## REQUIREMENT
In the records below, find the line with "Click on the", then retype it and every following line exactly, stopping after the line with "Now I just retarget". Leave the pictures out.

## RECORDS PROVIDED

________________________________________

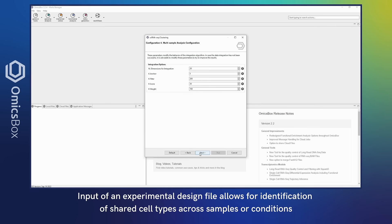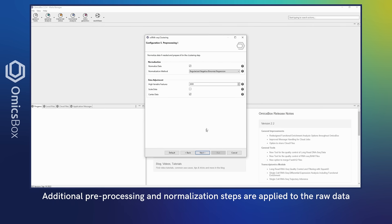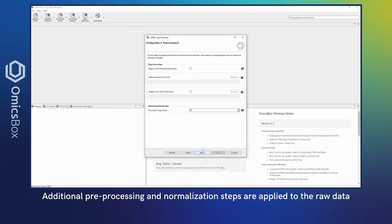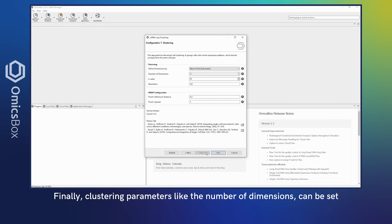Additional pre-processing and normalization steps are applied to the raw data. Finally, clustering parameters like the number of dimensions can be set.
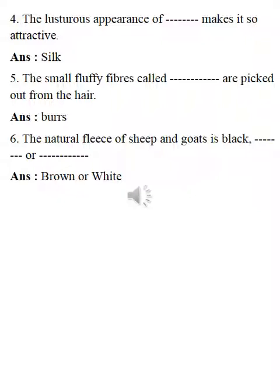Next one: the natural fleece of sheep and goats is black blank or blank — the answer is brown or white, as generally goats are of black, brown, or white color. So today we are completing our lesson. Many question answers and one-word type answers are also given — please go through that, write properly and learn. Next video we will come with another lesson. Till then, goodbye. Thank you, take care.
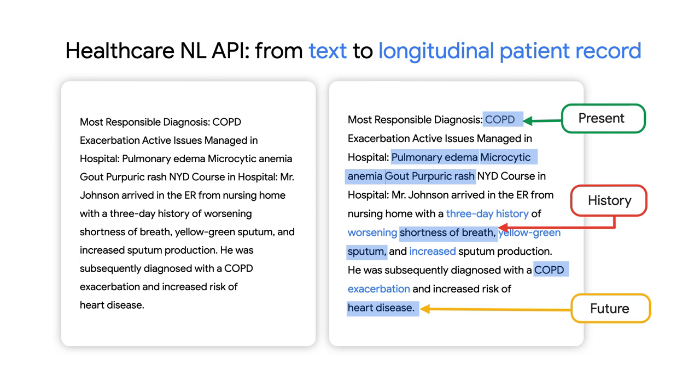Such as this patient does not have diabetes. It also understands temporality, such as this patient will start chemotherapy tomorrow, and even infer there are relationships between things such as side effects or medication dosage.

________________________________________

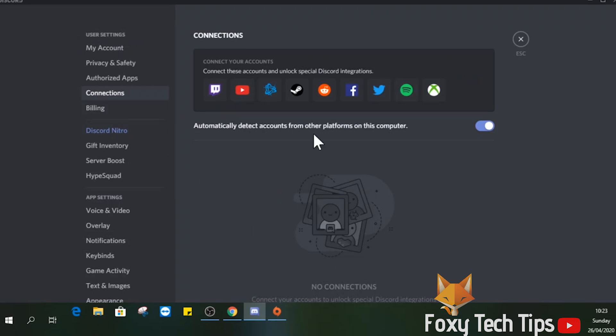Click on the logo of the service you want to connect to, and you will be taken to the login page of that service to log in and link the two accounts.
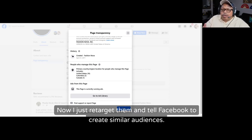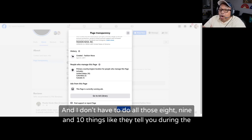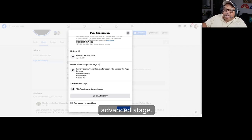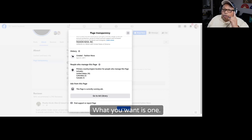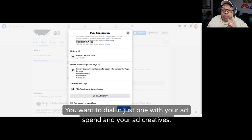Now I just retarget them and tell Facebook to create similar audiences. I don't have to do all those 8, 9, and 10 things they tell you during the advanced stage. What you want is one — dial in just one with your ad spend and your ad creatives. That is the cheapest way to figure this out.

________________________________________

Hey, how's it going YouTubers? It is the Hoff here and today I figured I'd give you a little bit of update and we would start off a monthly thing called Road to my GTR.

________________________________________

## SOLUTION
Click on the logo of the service you want to connect to, and you will be taken to the login page of that service to log in and link the two accounts.
Now I just retarget them and tell Facebook to create similar audiences. I don't have to do all those 8, 9, and 10 things they tell you during the advanced stage. What you want is one — dial in just one with your ad spend and your ad creatives. That is the cheapest way to figure this out.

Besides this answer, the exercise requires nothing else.